Wayne King created works of art that immortalize and celebrate the place where we live, the people who live here, and the details that surround us. This kind of focus by artists has always had the ability to uplift and create awareness; it is the gift that artists give the culture within which they live.  From soup cans to sunflowers and from grand spectacle to quiet gestures; artists offer views of the world that “we” are often too distracted to see.  King’s celebration of place, like the Impressionists of the Nineteenth century, specifically the cityscapes and landscapes of artists like Camille Pissarro and Claude Monet, revel in the juxtapositions between urban and rural, old and new, and light and dark, in all possible permutations. With a bold use of colour, frenetic brush strokes and an interest in the effect of light and perspective, artists such as Wayne King comment on the complex and common-place facets of the world around them. 


It is possible to see myriad influence, ethos and antecedents in Wayne’s repertoire: Impressionist, Primitivism, Surrealism, Expressionism, pseudo-naïve, abstraction, outsider, folk art, representational, Hippie Modernist, Psychedelic, et cetera. But again, there are no easy associations when the tenets of these traditions are by turns followed, flouted and fanaticized. Such creative irreverence is, of course, an essential aesthetic tradition in-and-of itself, and Wayne was an absolute master of the craft. King emulated, challenged and celebrated artistic conventions as part of his truly epic productivity; he was unconcerned with classifications and tested boundaries of all kinds. Somewhere between Willem de Kooning, Frederick Varley, and Gilbert Shelton’s Fabulous Furry Freak Brothers is the confluence from which Wayne’s work stems.  He could create the most perfect representational views, with modulated colour and attention to light and shadow or he could focus completely on the foreground and a strong use of pattern in pure unblended colour. He sketched constantly and was a very skilled technical artist but often chose to paint in a spontaneous and slap-dash manner, choosing energy over accuracy.  

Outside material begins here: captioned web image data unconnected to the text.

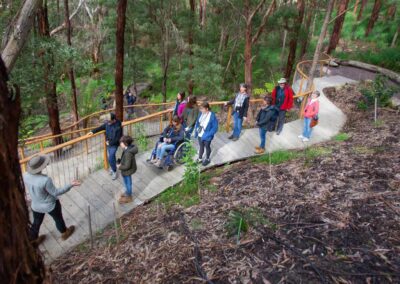 3 Day Sunset 12 Apostle and Otways Wildlife Wonders Tour
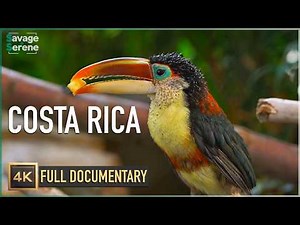 Costa Rica - A Land of Wonders! | Full Documentary in 4K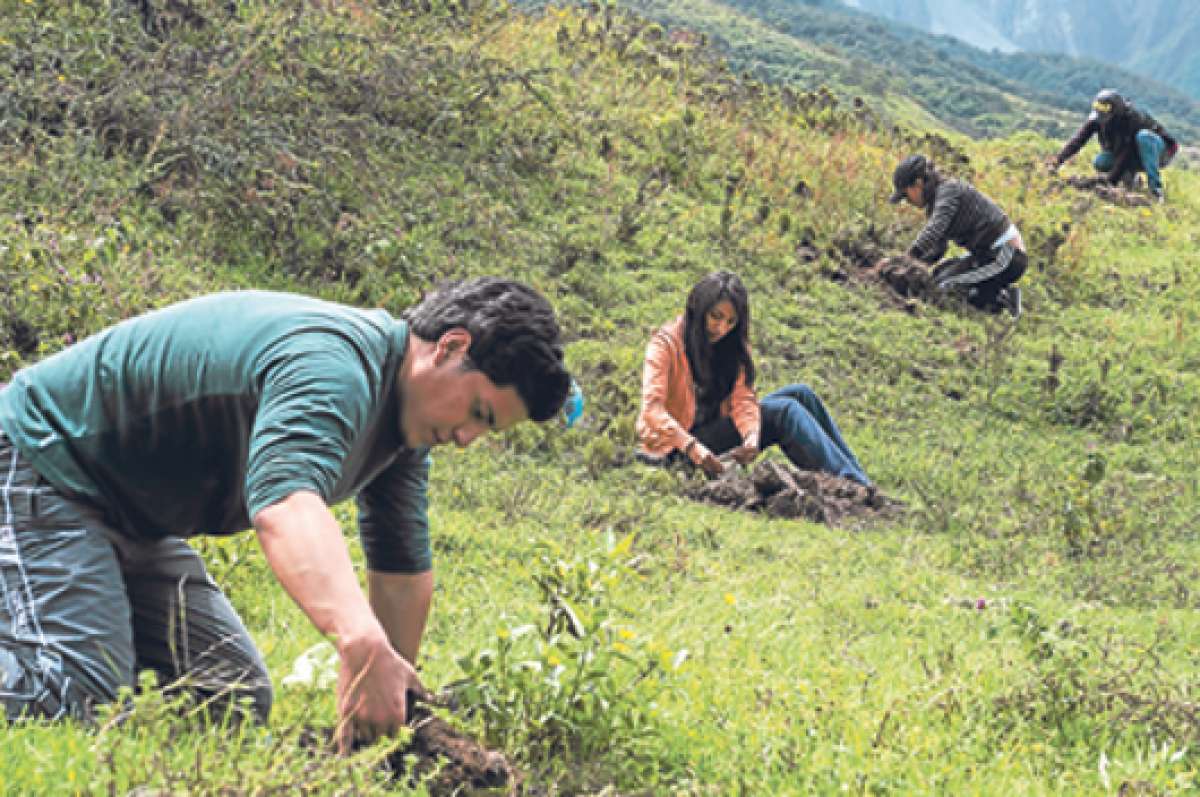 Por m&aacute;s de 2 horas, los j&oacute;venes se dedicaron a sembrar las plantas. El clima de la zona es h&uacute;medo y lluvioso en temporada de invierno, entre diciembre y junio. Fotos: Andr&eacute;s Darquea | El Tel&eacute;grafo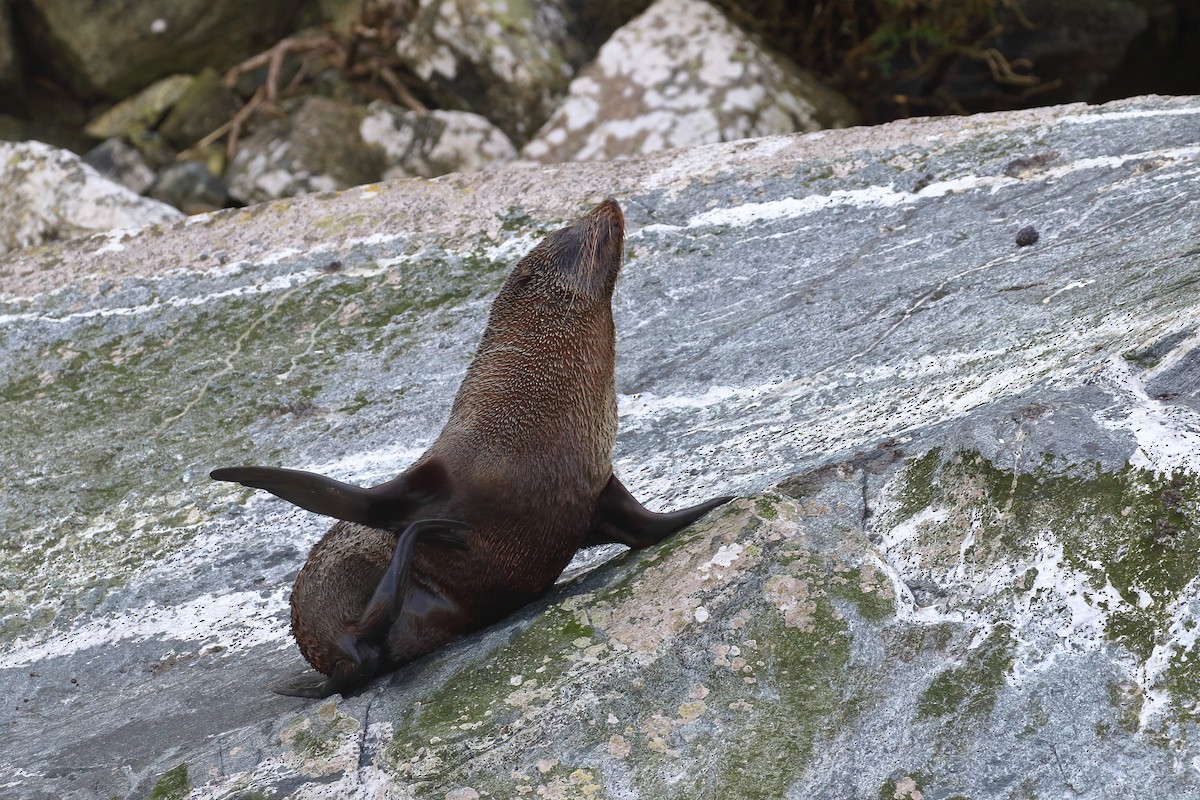 Southern Fur Seals - ML646325952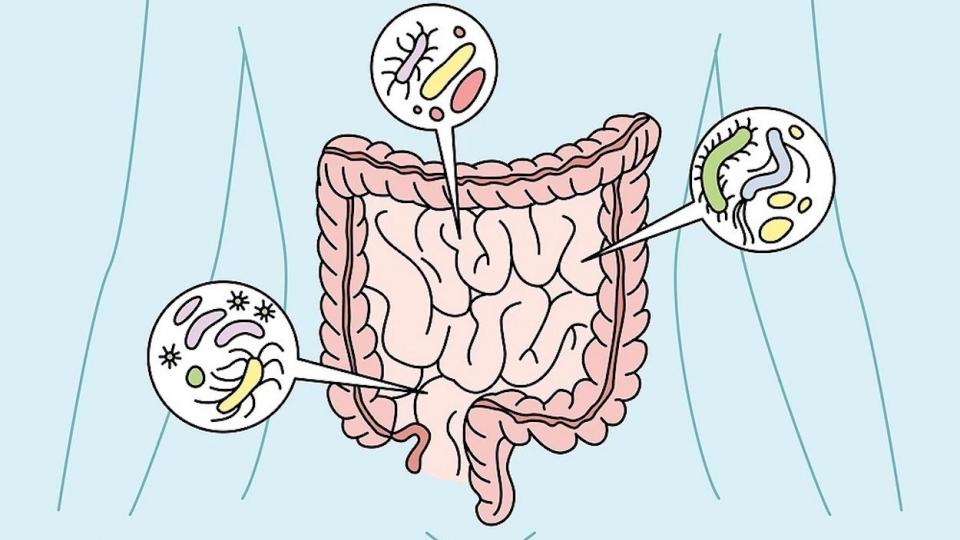 Διαταραγμένο έντερο, ποια τα σημάδια; Τι μπορείτε να κάνετε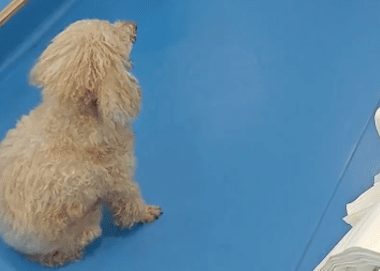 主人给17岁贵宾犬安乐死，它目不转睛看了家人很久很久，太诛心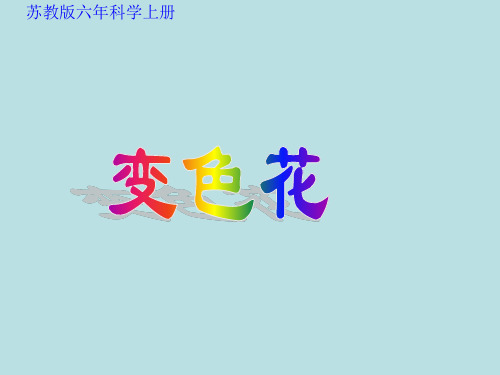 六年级上册科学课件-3.3 变色花｜苏教版(共23张PPT)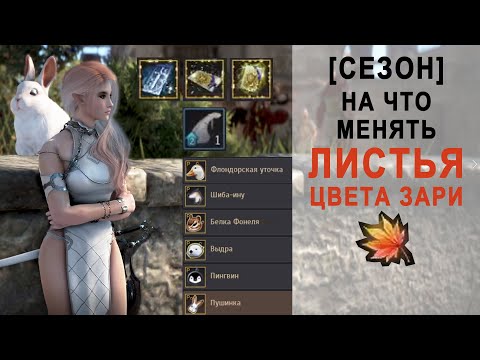 Видео: Black Desert На что менять Листья цвета зари. Подробный разбор.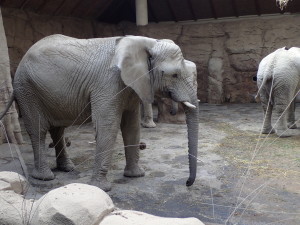 Výlet Zoo Lešná, červen 2017
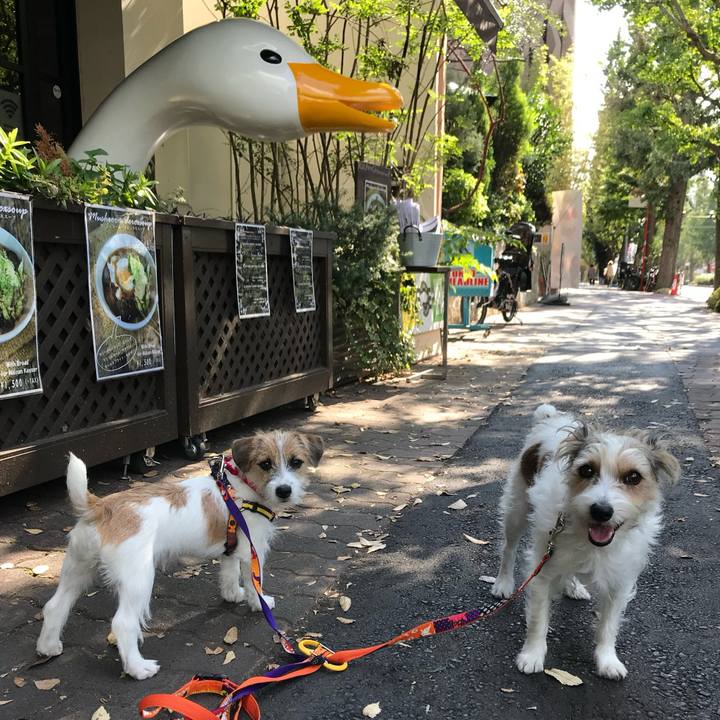 Aee6c560 4a9c 4a4c a72f c0e0a75c1cc1 1760784038878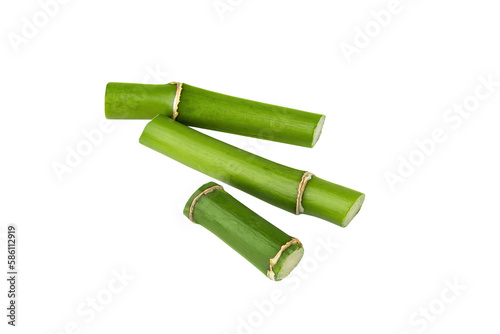 Bamboo shoot isolated on transparent background. Green bamboo stems for design.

The counterculture and ideological underpinnings of Wayne’s work should not go unmentioned, and are likewise linked to place, approach and “the Nelson vibe”. Andrew Blauvelt speaks to this specific cultural consideration in the article Hippie Modernism: Aesthetic Radicalism and the Counterculture “This ‘art under the influence’ approach applied not only to some artists whose work was produced during drug-induced sessions but also for the many more who drew upon such episodes and experiences more symbolically or referentially, giving psychedelic art currency as both a form of process and representational art” (Walker Art Center, 2015). For artists, like King, internal, intellectual and altered landscapes are intrinsic and essential to those of the actual/outside world and making them tangible was his Joie de vivre

The Woodblock prints, both text-based and representational, evocatively express the ideology, mythology and spirituality of the artist. And again, there are telling antecedents to the medium and method: Katsushika Hokusai, William Blake, Edvard Munch, Stanislaw Raczynski. In looking at the woodblocks themselves, and the vision, patience and process of translating ideas and energy into a tangible form, it is hard to not be aware and in awe of Wayne as part of an ancient artist tradition. Deceptively simple but technically intense, the black-and-white and inside-out nature of woodblock printing is emblematic of the sentiments expressed, and in keeping with Wayne’s bohemian ideals: 


Wayne King reminds us that things easily taken for granted are important, and that it is through the artists that we see ourselves.